This is merely one example but it should cause the Conservatives great concern. It has been to the Tories’ structural advantage that the centre-left has usually been divided while the centre right has been unified, but now the reverse appears true. On the surface, the national vote shares for both Labour (34 per cent) and the Liberal Democrats (12 per cent) were not particularly impressive but that is not what matters. Who really cares if the Liberal Democrat vote in Hitchin collapsed, as did the Labour vote in Harpenden? Electors chose to vote for the candidate best placed to defeat the Tory. 

There are broadly two explanations for this. First, it is possible that tactical voting has become more widespread because the necessary information to facilitate it has become easier to access and disseminate. The frequency of MRP polling – which, unlike traditional polling, gives results on an individual seat basis – makes it very straightforward for a voter to assess their options. Local newspapers are nothing like the force they once were, but social media allows targeted campaigning and recommendations to be passed on by friends and family.  

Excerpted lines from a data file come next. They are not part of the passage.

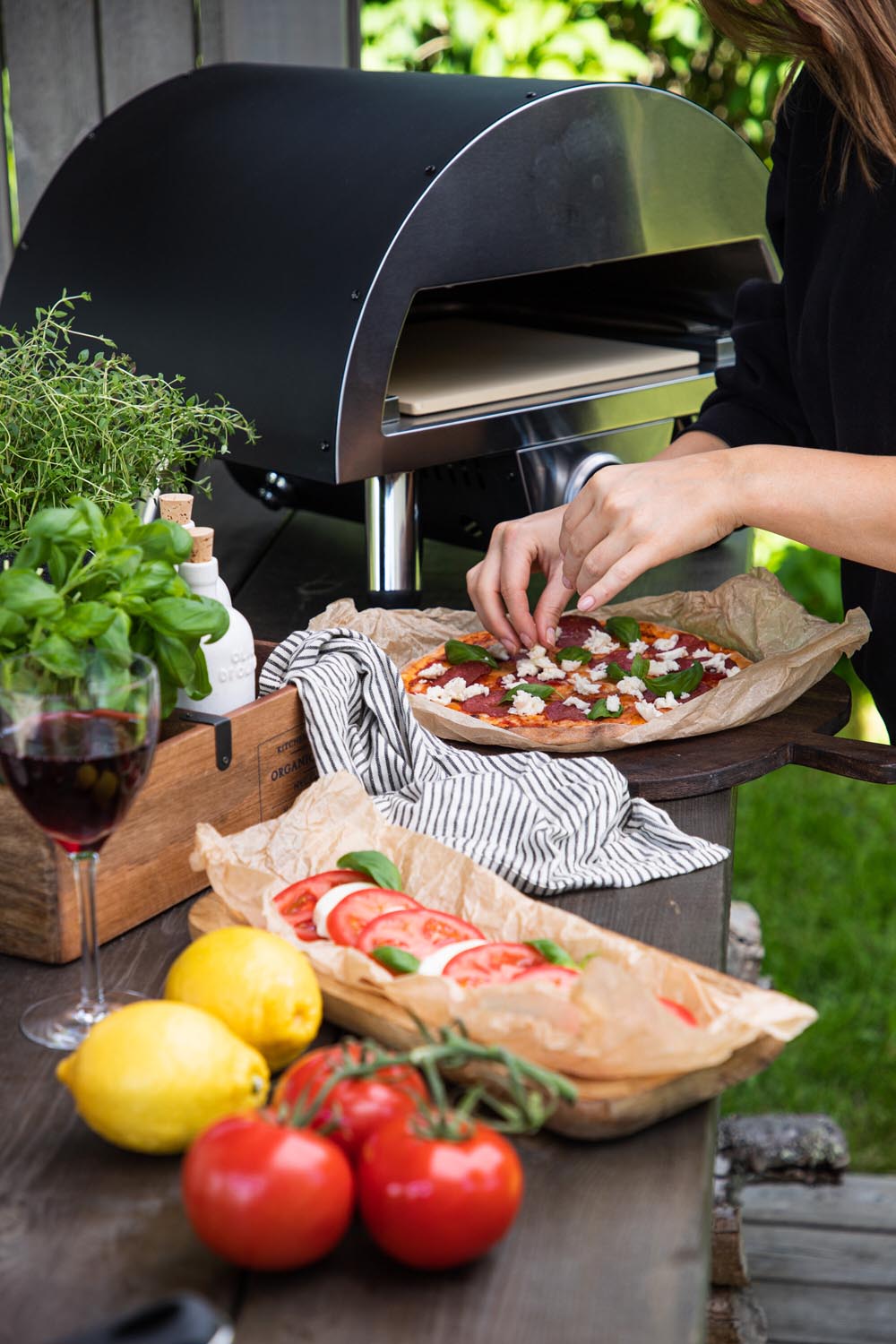 Sentosa Pizzaugn in Schwarz präsentiert im Onlineshop von KAQTU Design AG. Pizza ist von Venture Home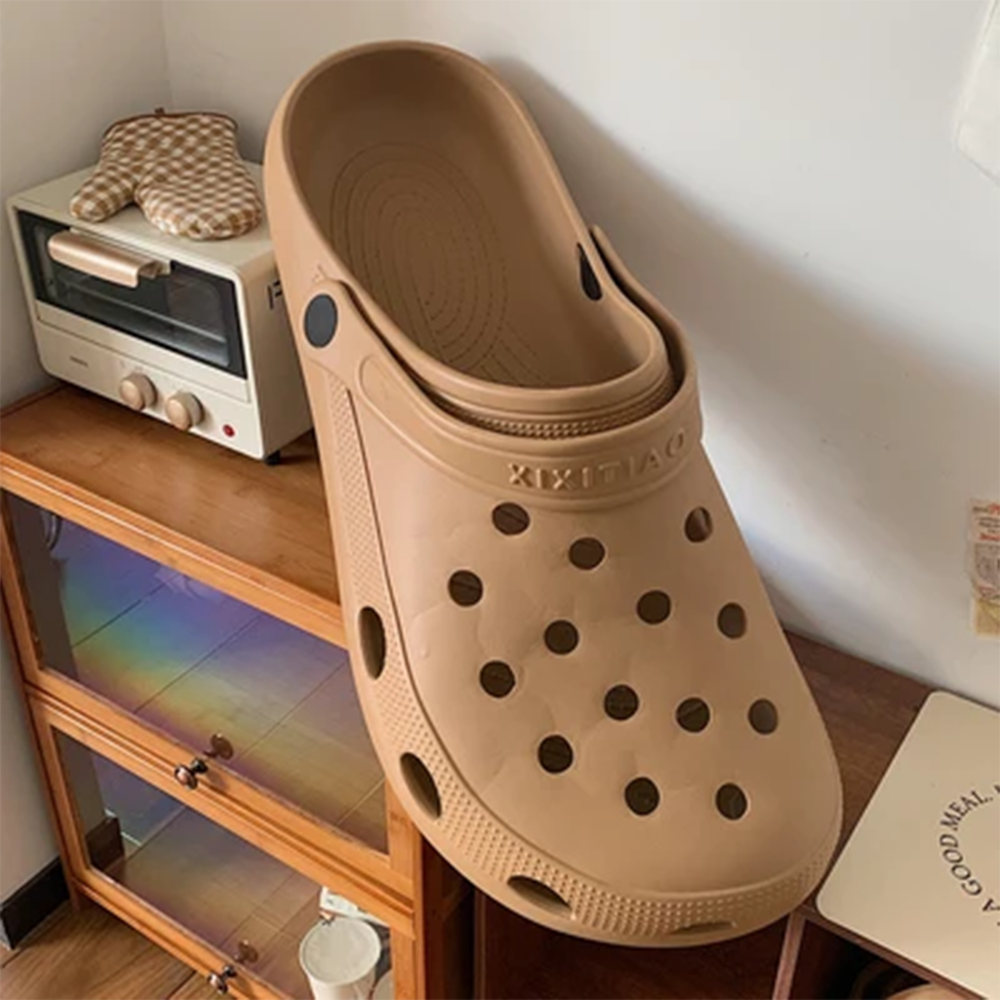 GIANT CROC SHOE - GOOD SHIT AS A CAT HOUSE OR BABY CRIB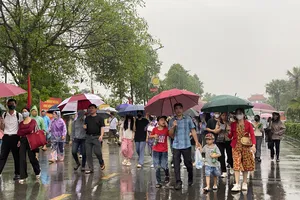  Hàng nghìn người đội mưa về đền Hùng ngày Giỗ Tổ Hùng Vương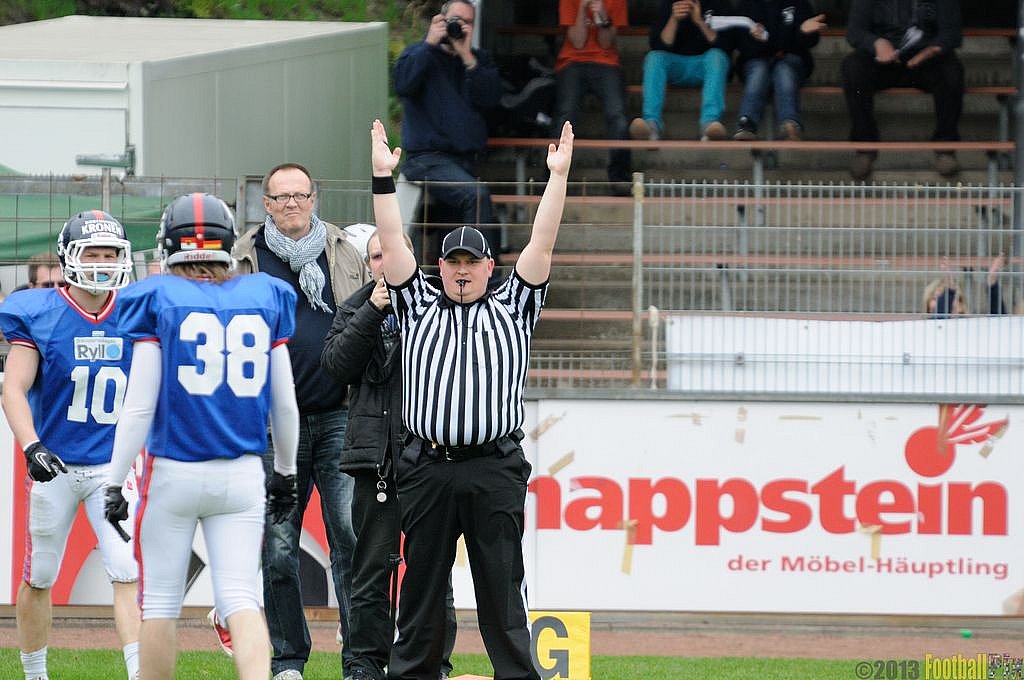 Remscheid Amboss vs. Dortmund Giants  - 21.04.2013 Remscheid Amboss vs. Dortmund Giants (13:9) 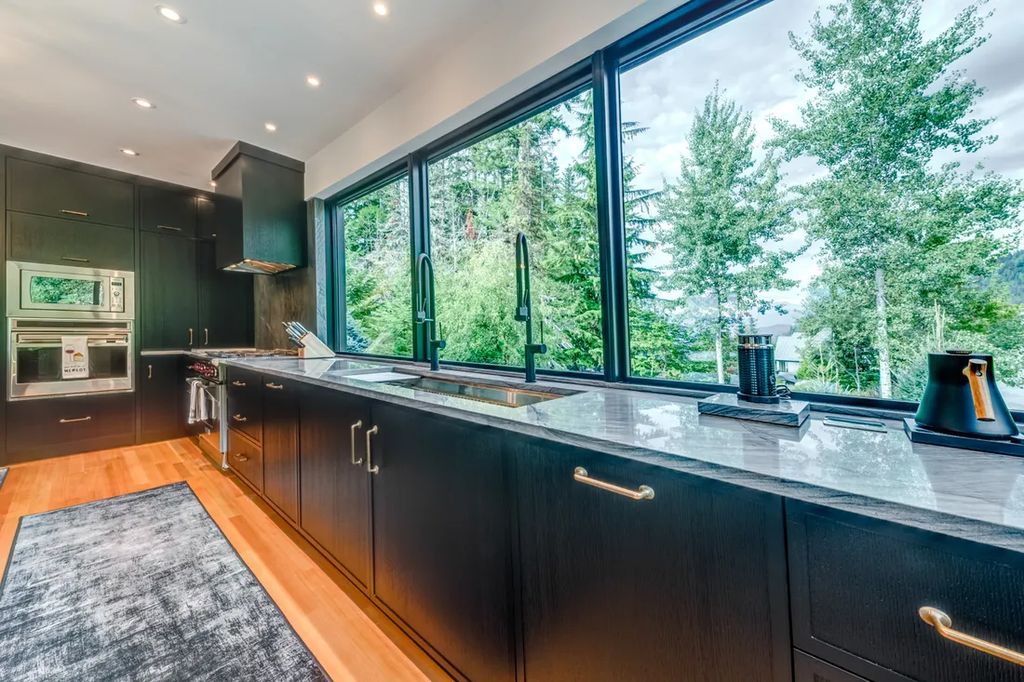 A Winter Wonderland Ski InSki Out Home with Panoramic Mountain Views for C14.9 Million in Canada 9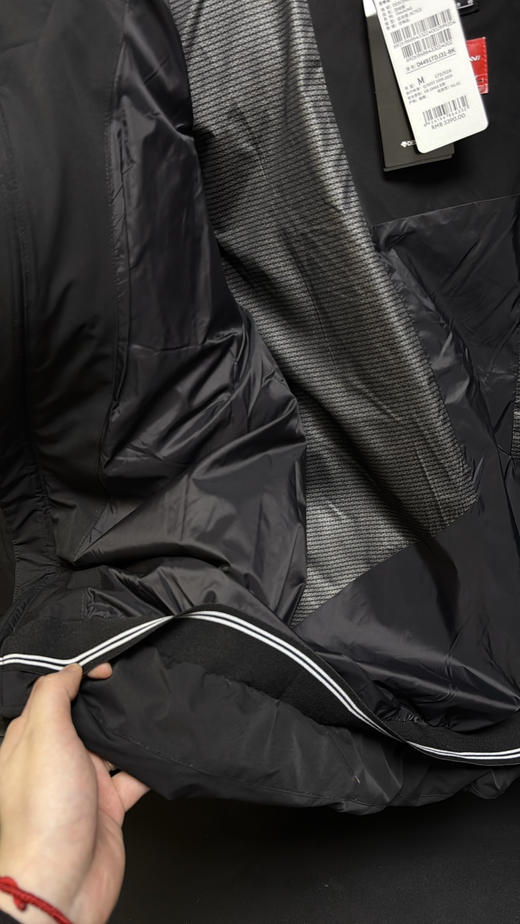 原单正品迪桑特DESCENTE TRAINING系列 运动休闲舒适通勤面包羽绒服 
M-3XL 商品图6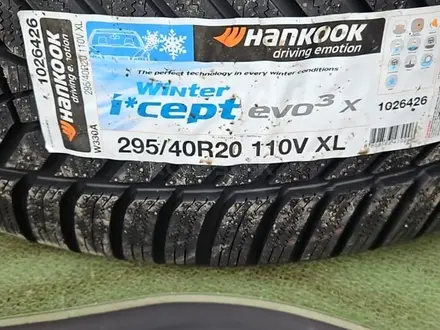 255-45-20 перед и зад 295-40-20 Hankook Winter Icept Evo3 W330 за 187 500 тг. в Алматы – фото 2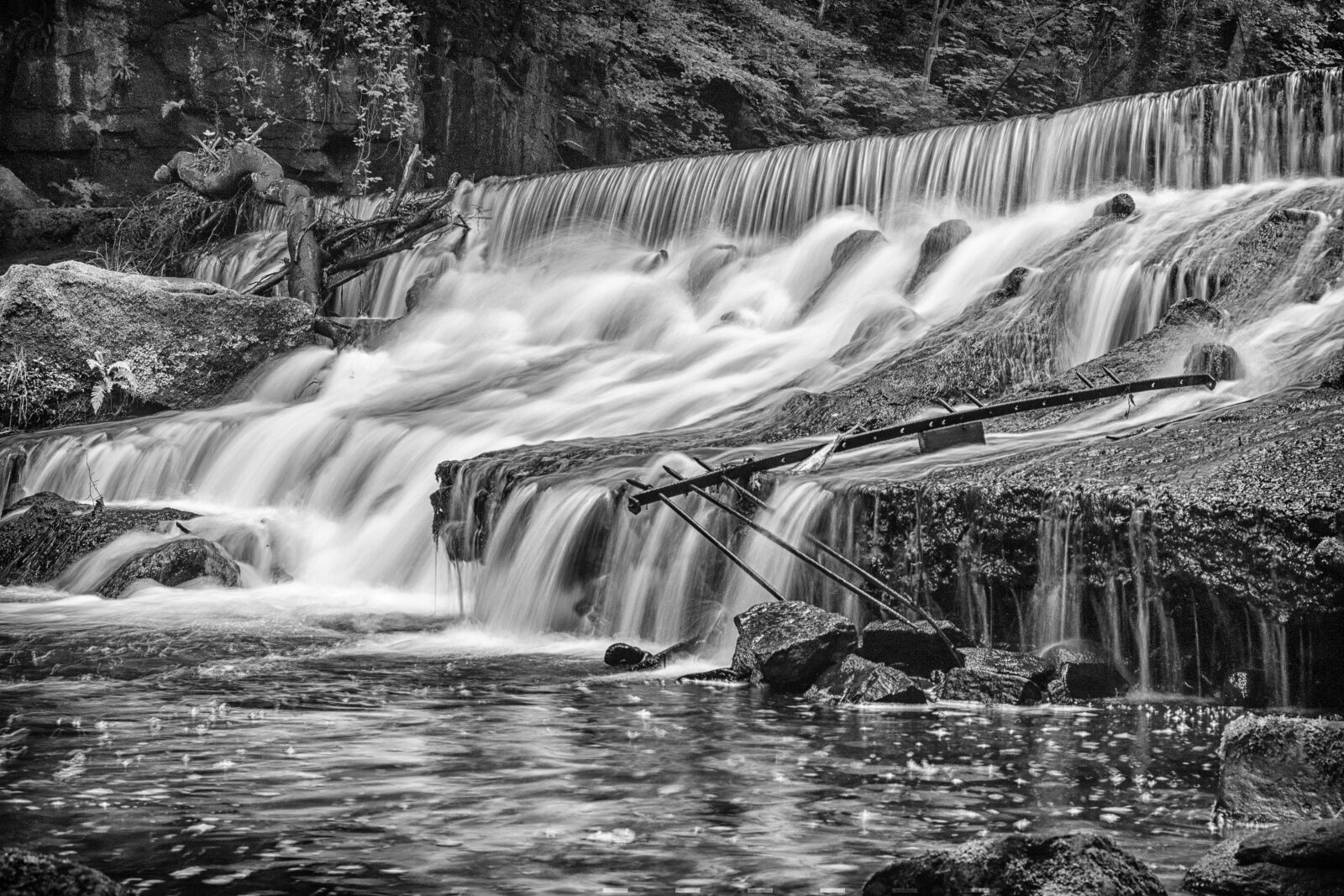 Canon EOS 500D (EOS Rebel T1i / EOS Kiss X3) sample photo. Waterfall, river, landscape photography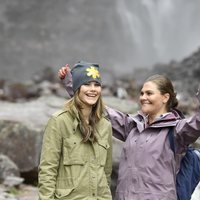 Victoria de Suecia y Sofia Hellqvist en la cascada Njupeskär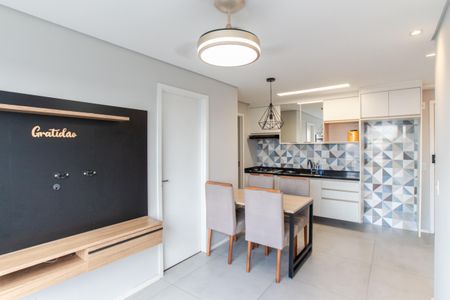 Sala de apartamento para alugar com 2 quartos, 40m² em Vila Sabrina, São Paulo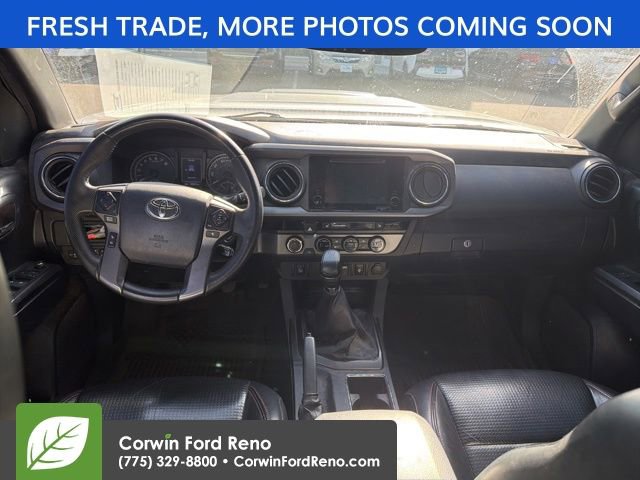 Used 2017 Toyota Tacoma TRD Pro AWD/4WD image 13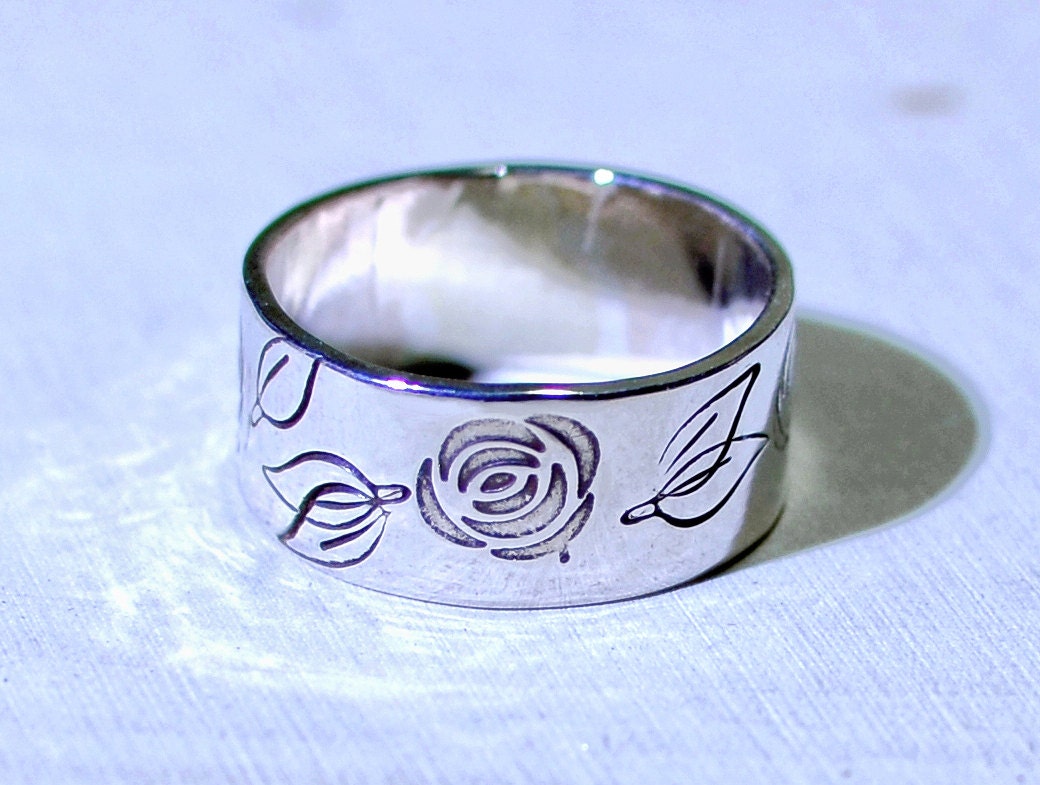 Rose theme fitted sterling silver ring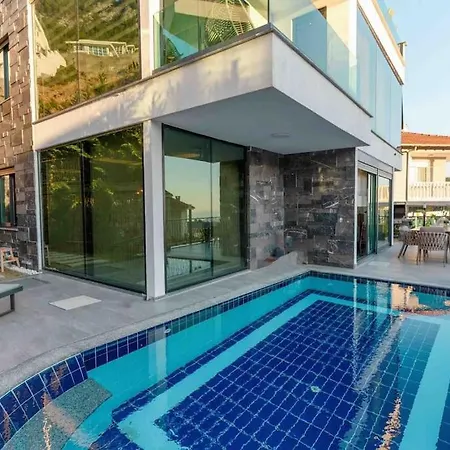 فيلة Alanya Villa ألانيا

If anything, one might expect this trend to continue. The 2024 general election was fought on new constituency boundaries when it can be harder to assess who the main challengers will be. Next time, the election will be fought on the same boundaries, with an incumbent non-Tory MP as the obvious tactical choice more often than not. 

The second explanation for the rise of tactical voting is that the election was a referendum on the Tory Party. The public was not particularly fussy as to which party they supported as long as it was part of the “Not The Tory Party Party”, whether that be Labour, Liberal Democrat, or Green. They were sufficiently motivated to find out who could damage the Tories the most and voted – with ruthless efficiency – accordingly. 

This pattern of behaviour should not be ignored as the Conservatives debate how to respond to their general election defeat.   

In simple terms, the choice is to run a core vote strategy designed to consolidate the support of right-wing voters or to win over voters in the centre ground. Some of us will argue that there are more votes in the centre and that, in most cases, these voters count double (for every vote gained, it is one off your opponent’s tally as well as one to your own). A move to the right often results in over-promising and undermining claims of competence, as well as increasing dependence on older voters who might not be around in five years’ time (an estimated one in six Tory supporters fall into this camp). But there is another argument against a move to the right. The more you do so, the more you motivate your opponents not just to vote but to vote as effectively as possible to stop you. 

There is a temptation for the Tories to pursue a 35 per cent strategy by “uniting the right”. If this involves, however, antagonising the 65 per cent, the trend towards greater anti-Tory tactical voting will continue. Not only do the Tories need to win over more supporters, they need to make those who do not support them less determined to stop them.